Recorded information.
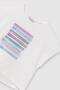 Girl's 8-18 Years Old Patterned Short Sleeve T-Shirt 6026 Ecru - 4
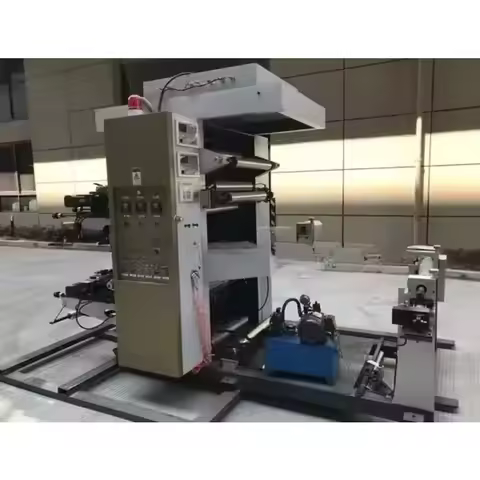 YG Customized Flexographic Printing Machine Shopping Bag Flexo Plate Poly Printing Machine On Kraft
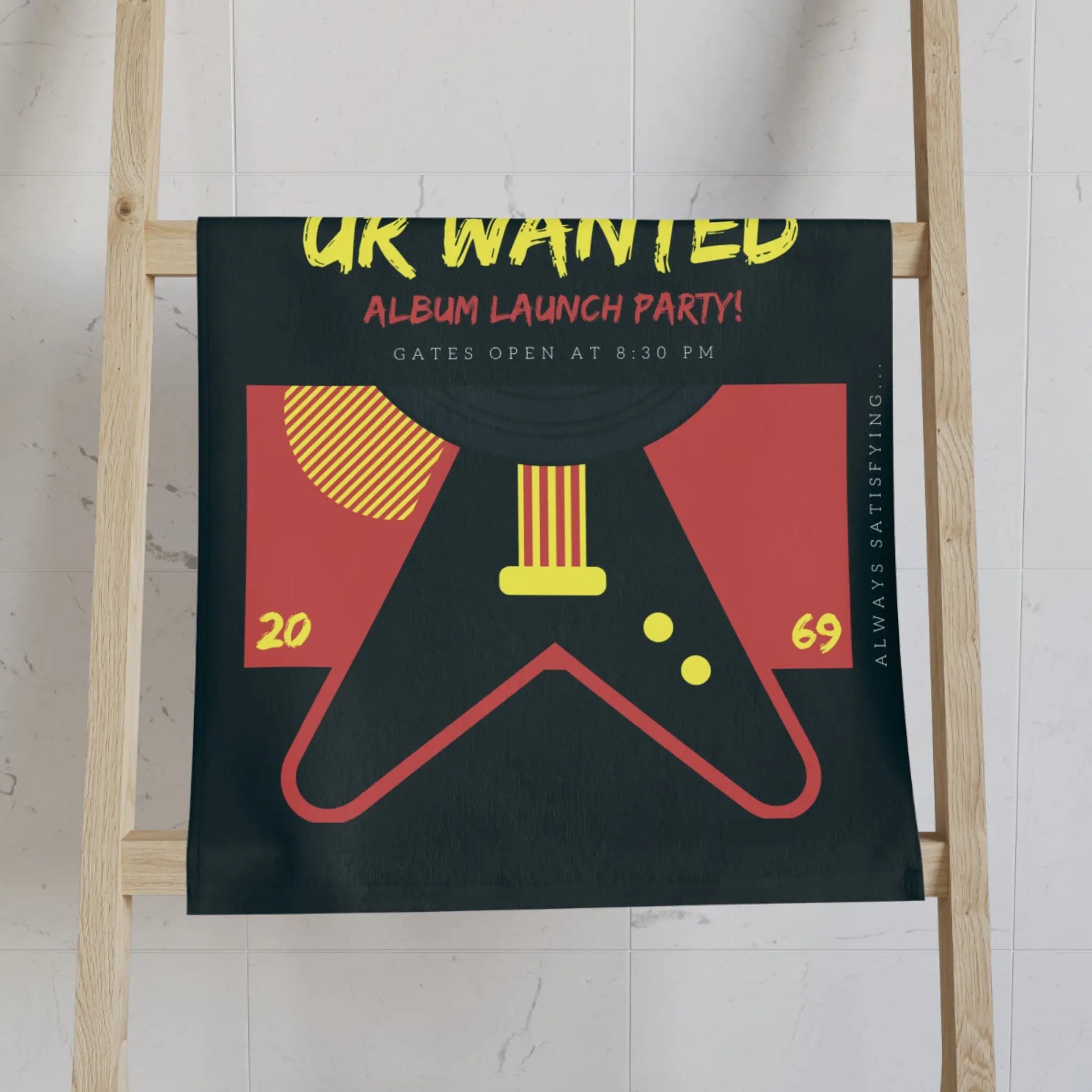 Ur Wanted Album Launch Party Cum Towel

--

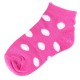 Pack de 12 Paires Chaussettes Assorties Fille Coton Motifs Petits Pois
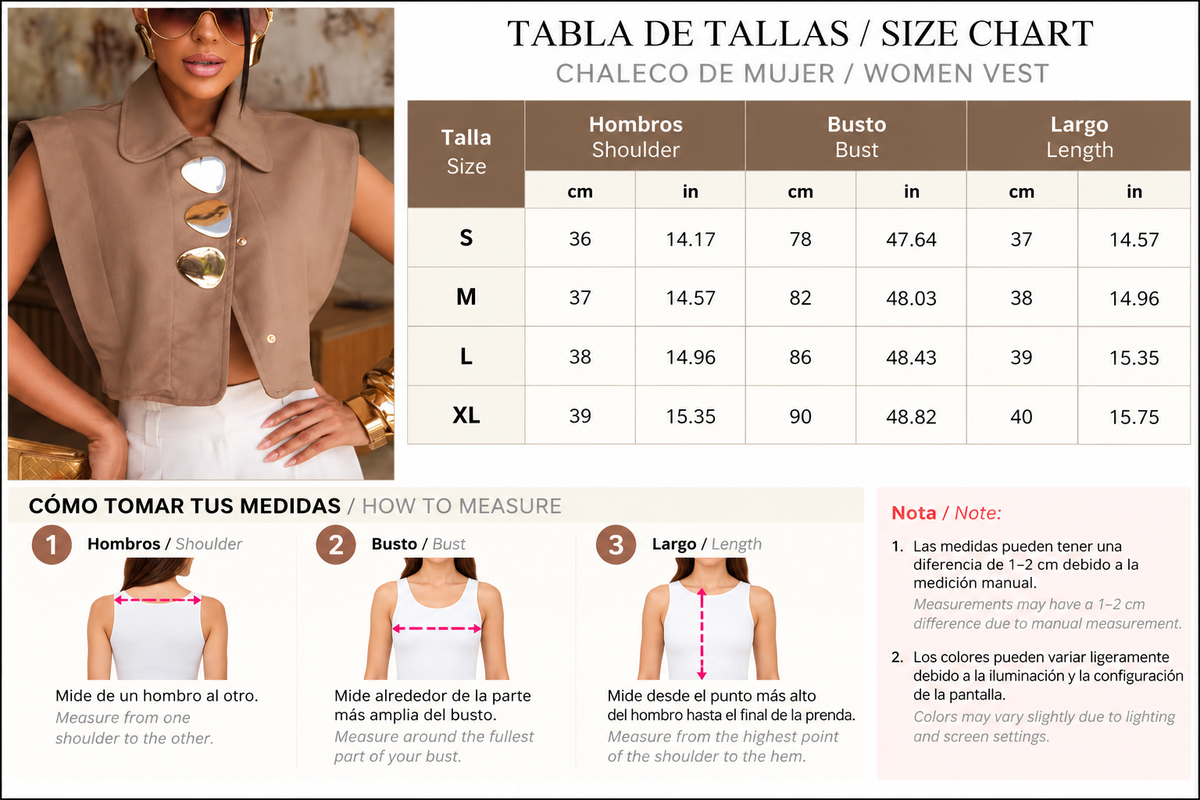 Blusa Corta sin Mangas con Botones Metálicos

What you have to do.
The material above holds pictures; leave them out. Repeat exactly the lines from the one containing "Girl's 8-18 Years" through the one containing "Ur Wanted Album Launch Party Cum Towel", and nothing else.

Solution to the problem.
 Girl's 8-18 Years Old Patterned Short Sleeve T-Shirt 6026 Ecru - 4
 YG Customized Flexographic Printing Machine Shopping Bag Flexo Plate Poly Printing Machine On Kraft
 Ur Wanted Album Launch Party Cum Towel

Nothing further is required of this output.